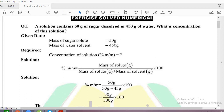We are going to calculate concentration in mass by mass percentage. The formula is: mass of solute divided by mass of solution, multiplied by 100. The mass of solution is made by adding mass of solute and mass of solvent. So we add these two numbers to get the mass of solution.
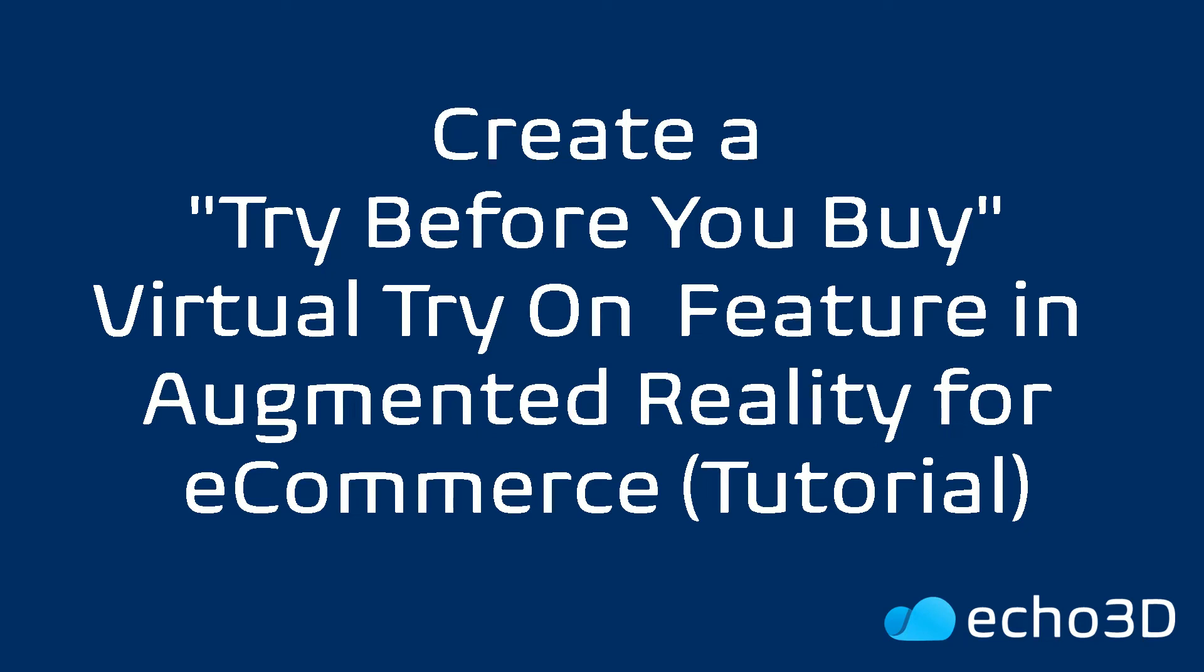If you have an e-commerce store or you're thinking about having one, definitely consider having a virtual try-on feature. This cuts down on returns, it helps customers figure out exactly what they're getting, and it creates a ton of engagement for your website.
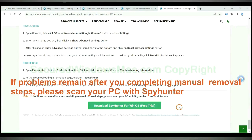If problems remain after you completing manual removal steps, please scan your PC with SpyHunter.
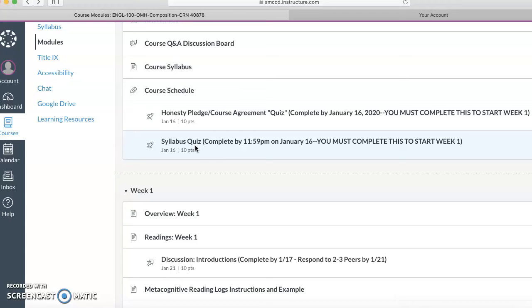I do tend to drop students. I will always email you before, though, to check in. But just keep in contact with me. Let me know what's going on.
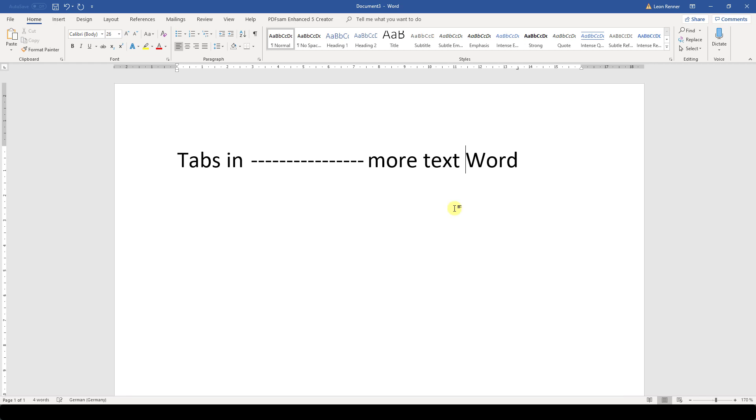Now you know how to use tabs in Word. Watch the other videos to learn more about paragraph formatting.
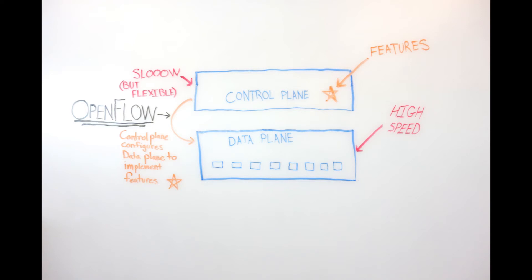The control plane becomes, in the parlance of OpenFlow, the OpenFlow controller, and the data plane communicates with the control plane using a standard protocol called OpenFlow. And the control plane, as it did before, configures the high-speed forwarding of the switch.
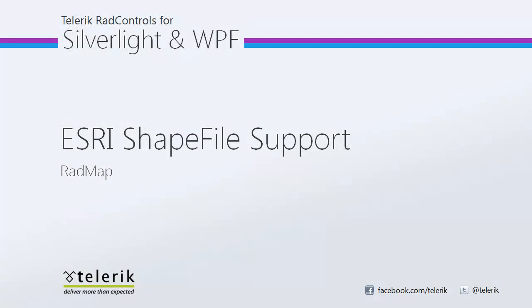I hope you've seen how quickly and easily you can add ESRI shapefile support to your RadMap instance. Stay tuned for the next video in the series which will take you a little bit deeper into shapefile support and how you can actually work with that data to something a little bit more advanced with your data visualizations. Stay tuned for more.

•••••

- **EXERCISE DETAILS**
Pictures aside, repeat each entry in full and without change.

- **ANSWER**
We are going to calculate concentration in mass by mass percentage. The formula is: mass of solute divided by mass of solution, multiplied by 100. The mass of solution is made by adding mass of solute and mass of solvent. So we add these two numbers to get the mass of solution.
If you have an e-commerce store or you're thinking about having one, definitely consider having a virtual try-on feature. This cuts down on returns, it helps customers figure out exactly what they're getting, and it creates a ton of engagement for your website.
If problems remain after you completing manual removal steps, please scan your PC with SpyHunter.
I do tend to drop students. I will always email you before, though, to check in. But just keep in contact with me. Let me know what's going on.
Now you know how to use tabs in Word. Watch the other videos to learn more about paragraph formatting.
The control plane becomes, in the parlance of OpenFlow, the OpenFlow controller, and the data plane communicates with the control plane using a standard protocol called OpenFlow. And the control plane, as it did before, configures the high-speed forwarding of the switch.
I hope you've seen how quickly and easily you can add ESRI shapefile support to your RadMap instance. Stay tuned for the next video in the series which will take you a little bit deeper into shapefile support and how you can actually work with that data to something a little bit more advanced with your data visualizations. Stay tuned for more.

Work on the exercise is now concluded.